Short-Docu, CH, 30 Min., HD
Jane Goodall revolutionized primate research in her early years as a researcher in the Gombe National Park of Tanzania. She was the first who documented the use of tools by chimpanzees. Dr. Jane Goodall today leads an institute carrying her name, a name which implies success not only on the research but also on the conservation front. Karl Ammann, a Swiss photographer and author of a range of book titles on great apes, takes a closer look at the definition of success in the Gombe context.
While a wide range of scientists studied the primates in the Gombe park, most of the forest habitat outside of the park was lost. The human population pressure drastically increased in the last 30 years.
Today one of Jane Goodall‘s main objectives is the reforestation of corridors linking the chimpanzees in the park with relic populations in the far off hills to try to improve the genetic pool.
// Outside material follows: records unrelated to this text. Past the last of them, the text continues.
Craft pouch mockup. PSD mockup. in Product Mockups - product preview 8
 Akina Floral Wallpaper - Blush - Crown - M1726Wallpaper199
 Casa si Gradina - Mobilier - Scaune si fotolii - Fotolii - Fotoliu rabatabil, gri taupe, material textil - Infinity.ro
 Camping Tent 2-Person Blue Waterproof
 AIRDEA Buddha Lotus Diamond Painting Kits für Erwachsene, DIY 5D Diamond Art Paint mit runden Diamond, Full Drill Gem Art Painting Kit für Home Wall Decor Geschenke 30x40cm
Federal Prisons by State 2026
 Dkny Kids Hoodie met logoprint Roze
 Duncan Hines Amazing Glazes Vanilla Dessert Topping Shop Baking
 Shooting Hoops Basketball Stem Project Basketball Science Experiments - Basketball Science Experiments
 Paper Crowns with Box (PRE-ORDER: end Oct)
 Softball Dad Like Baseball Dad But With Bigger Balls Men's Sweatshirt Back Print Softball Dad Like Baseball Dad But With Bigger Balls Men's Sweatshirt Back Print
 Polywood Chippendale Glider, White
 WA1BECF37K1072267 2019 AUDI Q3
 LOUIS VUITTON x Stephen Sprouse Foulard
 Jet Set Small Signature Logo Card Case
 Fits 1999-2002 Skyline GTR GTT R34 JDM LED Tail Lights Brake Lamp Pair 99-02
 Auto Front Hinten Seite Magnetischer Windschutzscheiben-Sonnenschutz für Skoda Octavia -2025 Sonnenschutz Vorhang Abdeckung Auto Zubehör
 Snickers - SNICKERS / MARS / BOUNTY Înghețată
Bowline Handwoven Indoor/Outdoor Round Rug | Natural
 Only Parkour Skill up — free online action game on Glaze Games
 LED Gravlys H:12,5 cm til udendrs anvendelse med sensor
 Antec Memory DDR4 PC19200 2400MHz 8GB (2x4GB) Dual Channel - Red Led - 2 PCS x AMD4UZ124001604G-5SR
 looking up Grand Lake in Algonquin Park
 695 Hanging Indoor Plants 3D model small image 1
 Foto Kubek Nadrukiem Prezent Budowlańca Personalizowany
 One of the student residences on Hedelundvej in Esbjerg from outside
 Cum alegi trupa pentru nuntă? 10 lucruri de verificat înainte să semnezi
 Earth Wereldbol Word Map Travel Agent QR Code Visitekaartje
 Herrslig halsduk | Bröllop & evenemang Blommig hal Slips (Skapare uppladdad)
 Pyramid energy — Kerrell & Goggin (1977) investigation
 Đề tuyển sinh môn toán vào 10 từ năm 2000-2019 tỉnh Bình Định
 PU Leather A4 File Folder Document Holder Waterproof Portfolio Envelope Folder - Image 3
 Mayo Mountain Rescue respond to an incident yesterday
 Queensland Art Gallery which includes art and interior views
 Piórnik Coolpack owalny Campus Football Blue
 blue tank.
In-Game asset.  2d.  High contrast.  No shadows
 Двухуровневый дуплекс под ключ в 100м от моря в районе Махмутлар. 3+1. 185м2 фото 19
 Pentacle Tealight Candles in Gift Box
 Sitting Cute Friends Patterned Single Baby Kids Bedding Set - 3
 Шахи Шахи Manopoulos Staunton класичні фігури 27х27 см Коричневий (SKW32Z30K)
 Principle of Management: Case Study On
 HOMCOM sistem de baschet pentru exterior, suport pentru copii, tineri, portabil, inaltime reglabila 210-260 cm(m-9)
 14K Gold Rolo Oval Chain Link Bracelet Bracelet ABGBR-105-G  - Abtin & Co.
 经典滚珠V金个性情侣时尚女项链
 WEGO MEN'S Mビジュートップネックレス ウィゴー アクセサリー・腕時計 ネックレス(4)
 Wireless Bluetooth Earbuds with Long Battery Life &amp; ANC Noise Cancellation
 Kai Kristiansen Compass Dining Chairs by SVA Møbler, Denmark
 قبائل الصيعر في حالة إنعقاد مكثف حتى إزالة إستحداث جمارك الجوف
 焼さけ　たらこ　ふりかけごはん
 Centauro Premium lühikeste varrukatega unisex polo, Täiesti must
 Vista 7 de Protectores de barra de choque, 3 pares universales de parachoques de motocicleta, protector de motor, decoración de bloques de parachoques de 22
The overall Gombe population today is less then one hundred
Karl Ammann misses the independent auditing, as far as the effectiveness, of most conservation projects. He claims many conservation organizations are today
involved in “feel good conservation”: presenting success stories helpful with fundraising but often representing only the proverbial drop on a hot stone.
This questioning of the main stream approach to conservation issues in the third world led to Karl Ammann being named one of the “Heros of the Environment” by Time magazine and the “African Environmental Journalist of the Year” in 2007.